In the last article we discussed the different dimensions to measure data quality in.
There are no right and wrong measures to choose, the measures should fit the use case.
In this article we are looking at the holistic view of Data Quality.
In a simplified world there are four important steps to the data:
- Data Creation – Data is created in a system,that system can be a masterdata system handling descriptive data such as item information, customer information, etc. It can also be a transactional system such as a Point of Sales system where transactions are generated. We call this system a Source system.
- Data Integration – Data is sent from the Source system to other systems that wants to use the data. Preferrably in a one-to-many manner where the data is sent once from the Source system and received by many consuming systems.
- Data & Analytics Platform – Data is gathered in a data platform. It is modelled according to business rules and it is made available for analysis, models, ai, etc
- Executing system – Data is gathered from several Source systems and in some cases from the Data & Analytics platform and then an action is taken on that data.
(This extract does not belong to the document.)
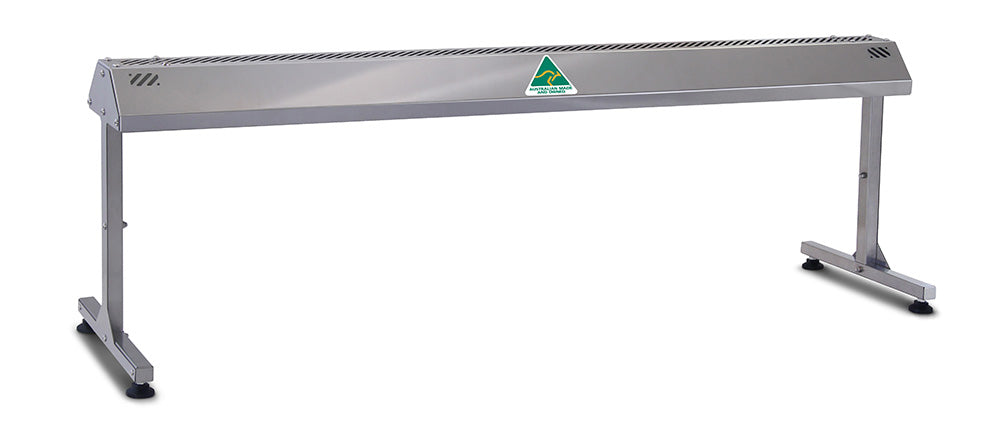 Roband HLS1235 I Lamp Cover I Heat Lamp Cover I Stainless Steel Cover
The action may be to generate an offer to a customer, create an order for logistics, create an invoice, etc. Something that has an effect in the business. In many cases a system plays a role as a source system as well as being an executing system. Thus sending and receiving data.
For any given dataflow this model works, since it has a beginning, a middle and an end. But when observed in totality it the data acts more like a spiderweb where everything is connected.
Back to the Data Quality!
When addressing data quality it is preferred to fix any data quality issues as early in the chain as possible. Especially since a fault in the source system may affect many different systems down the line.
However the data quality issues may be hard to find in the source system but rather show up when using the data together with data from other systems. Therefore it is common to have data quality checks in many places in the chain.
But the fixes should always be done as early in the chain as possible!
So, in summary. It is very important to take the whole picture into consideration rather than only focusing on your point in the chain.
In order to get there it is important to have good communication between the different teams to understand priorities, needs and limitations.